* **What the task requires**
Below is a listing with pictures. Repeat exactly the lines starting at the one holding "Cadillac DeVille Convertible 1966" and going on through the one holding "300 S Pointe", and leave every picture out.

* **Provided records**
########

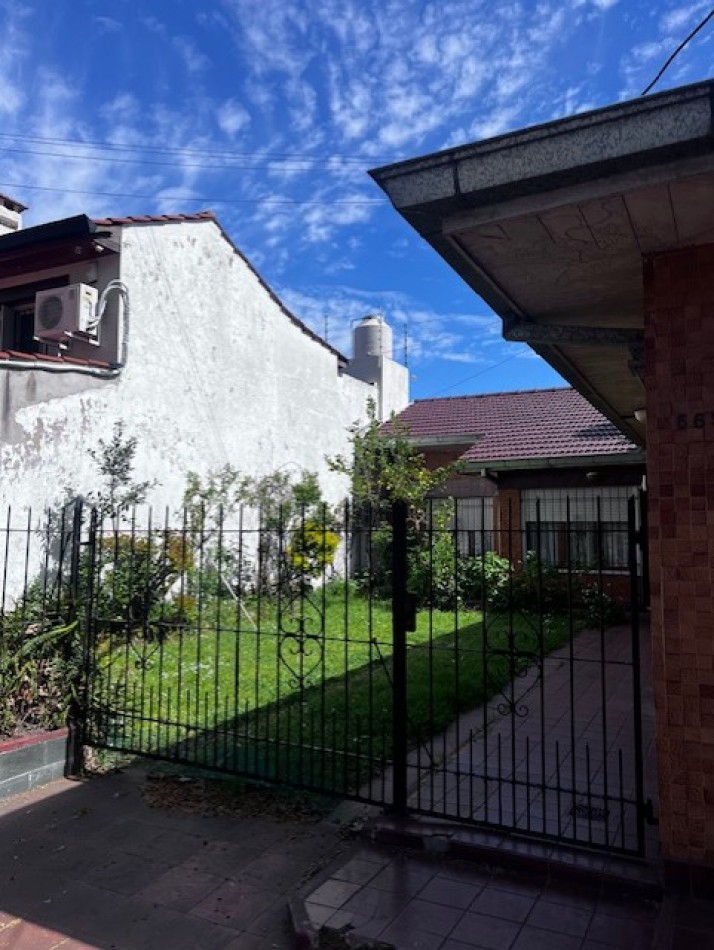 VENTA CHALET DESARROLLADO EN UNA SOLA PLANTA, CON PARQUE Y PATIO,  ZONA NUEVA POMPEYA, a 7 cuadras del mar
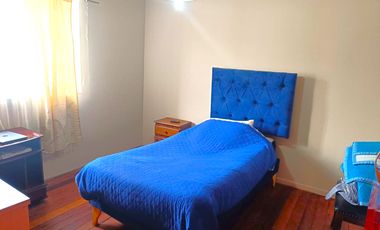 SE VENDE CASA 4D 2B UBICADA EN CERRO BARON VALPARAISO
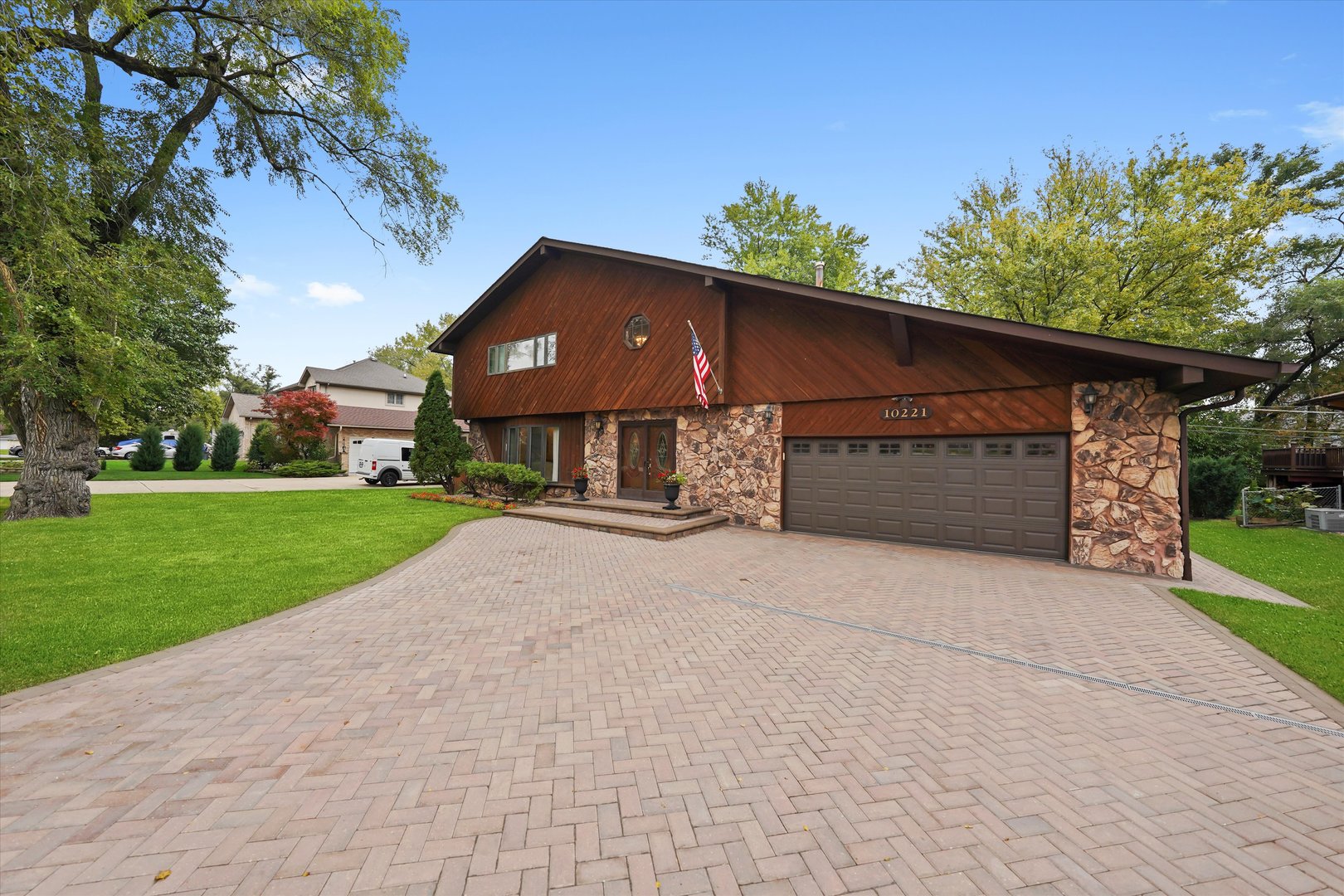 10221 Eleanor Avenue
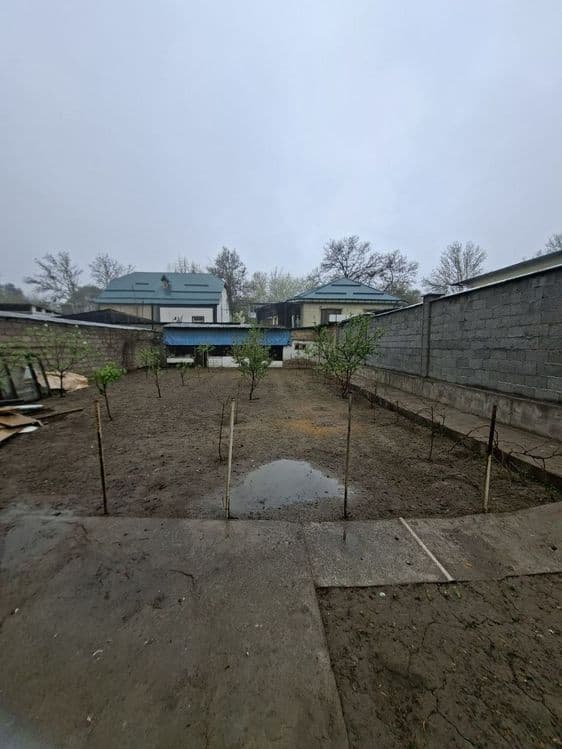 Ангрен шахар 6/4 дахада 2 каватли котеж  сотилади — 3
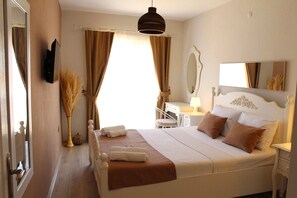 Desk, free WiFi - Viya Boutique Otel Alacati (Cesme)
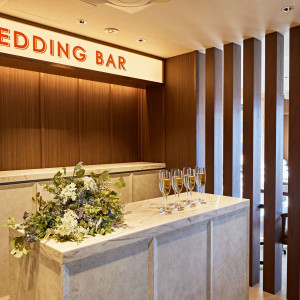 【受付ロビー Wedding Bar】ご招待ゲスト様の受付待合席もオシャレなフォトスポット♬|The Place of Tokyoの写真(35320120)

########

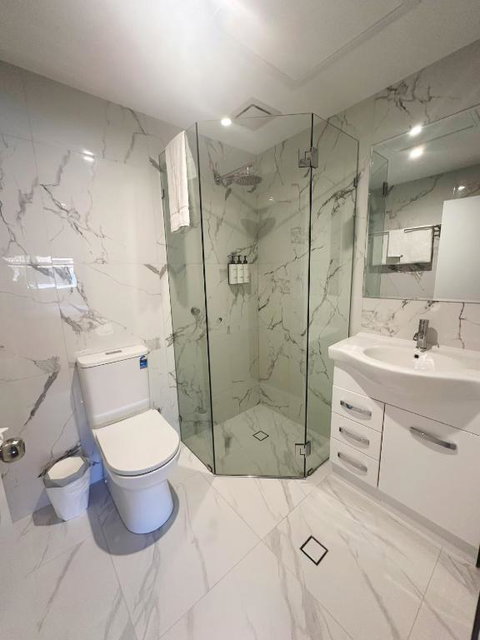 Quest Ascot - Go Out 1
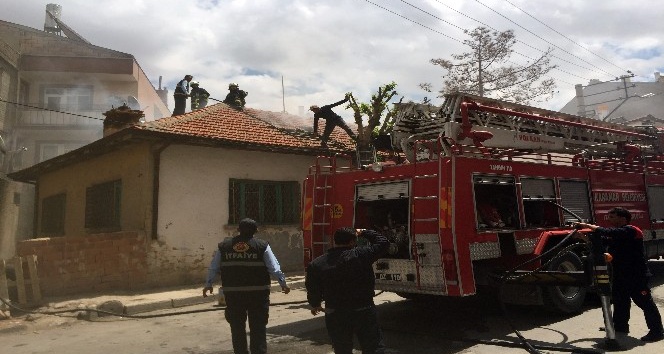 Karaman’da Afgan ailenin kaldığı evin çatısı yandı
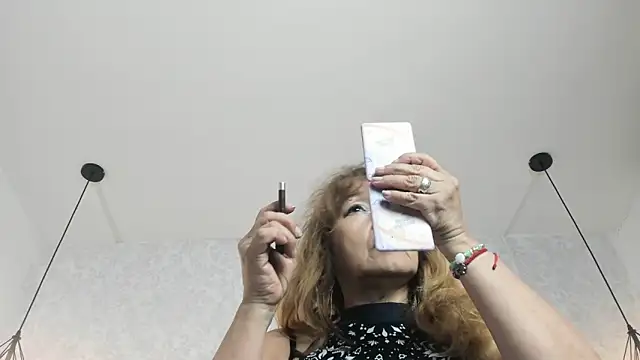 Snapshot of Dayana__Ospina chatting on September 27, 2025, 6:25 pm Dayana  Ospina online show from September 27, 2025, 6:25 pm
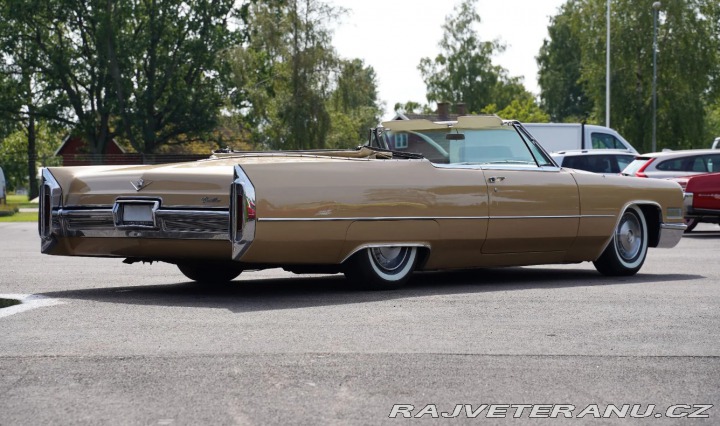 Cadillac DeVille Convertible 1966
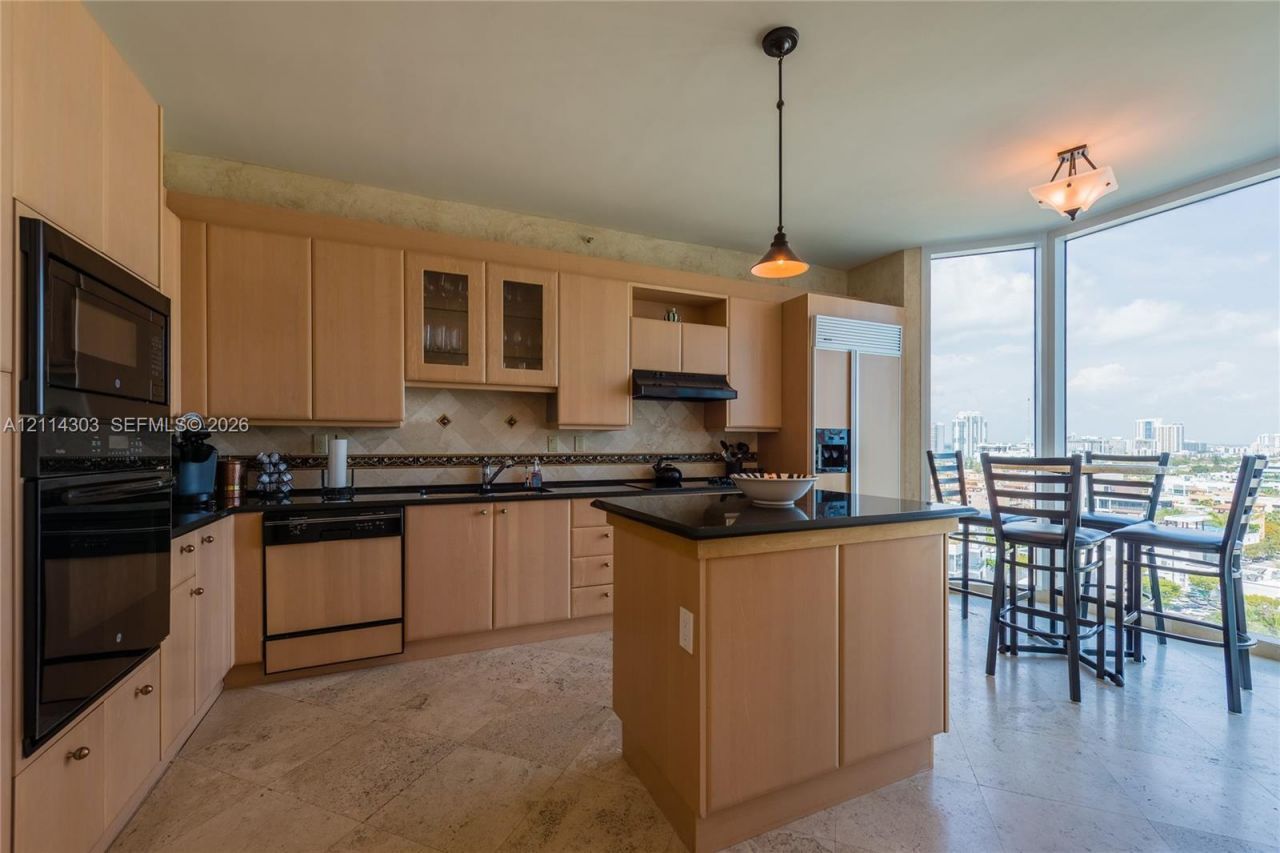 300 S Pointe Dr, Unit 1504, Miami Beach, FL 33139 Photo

########

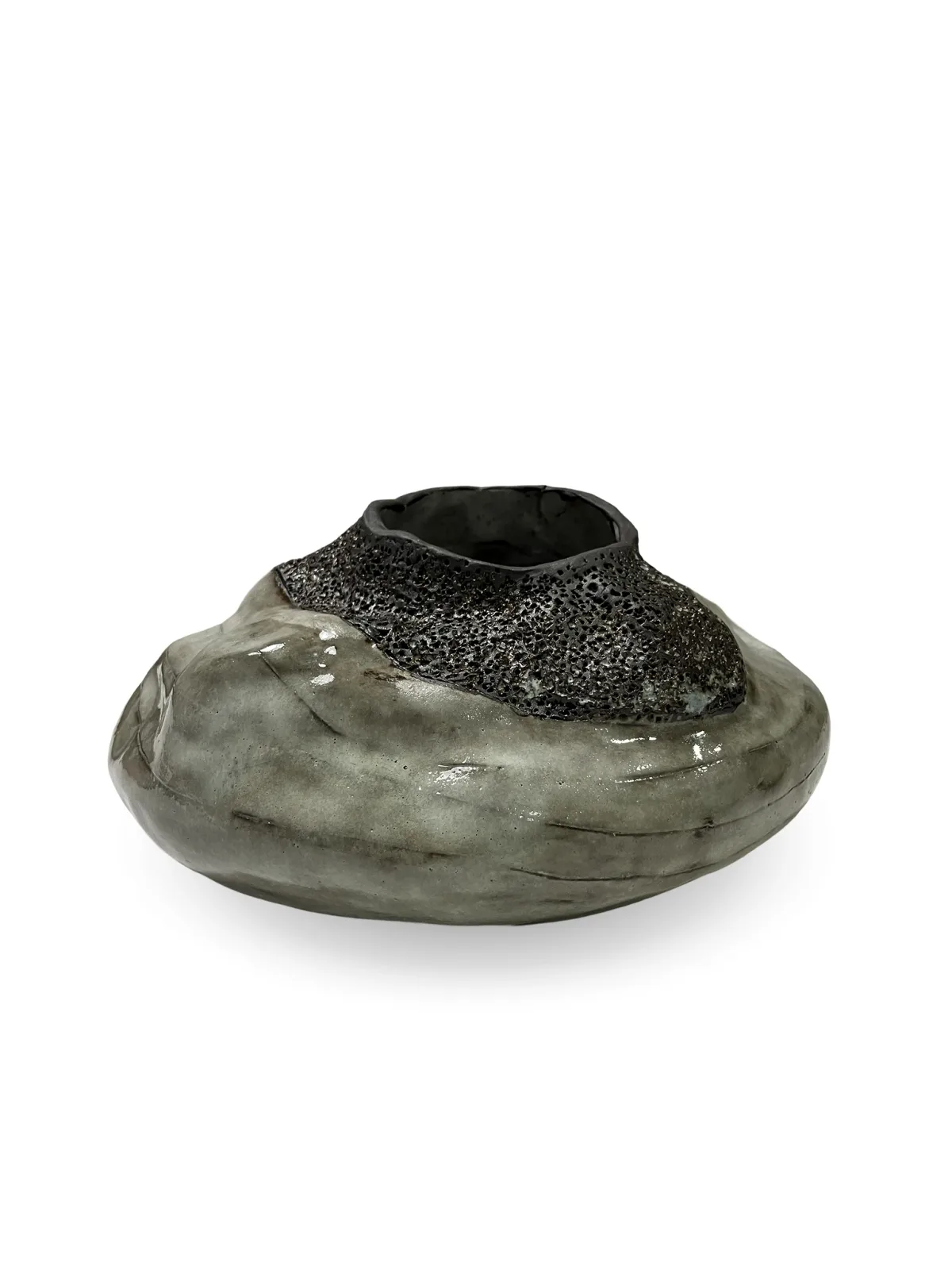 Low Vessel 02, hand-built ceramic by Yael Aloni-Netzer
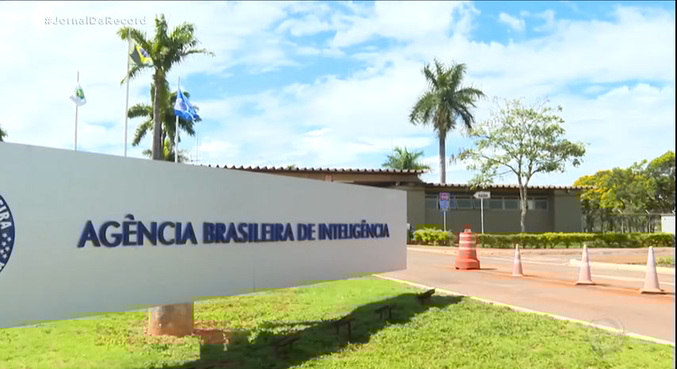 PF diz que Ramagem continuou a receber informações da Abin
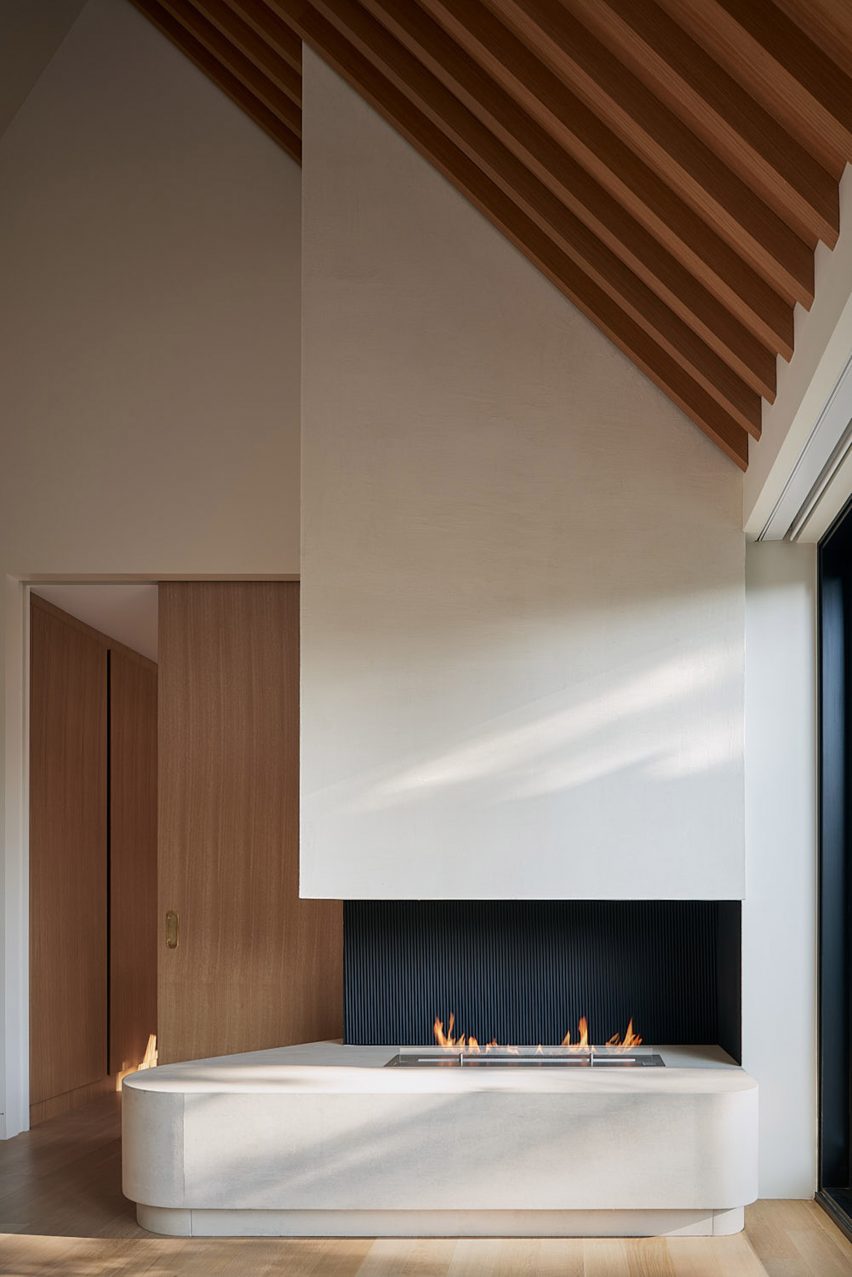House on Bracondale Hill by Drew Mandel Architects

########

* **Task result**
 Cadillac DeVille Convertible 1966
 300 S Pointe Dr, Unit 1504, Miami Beach, FL 33139 Photo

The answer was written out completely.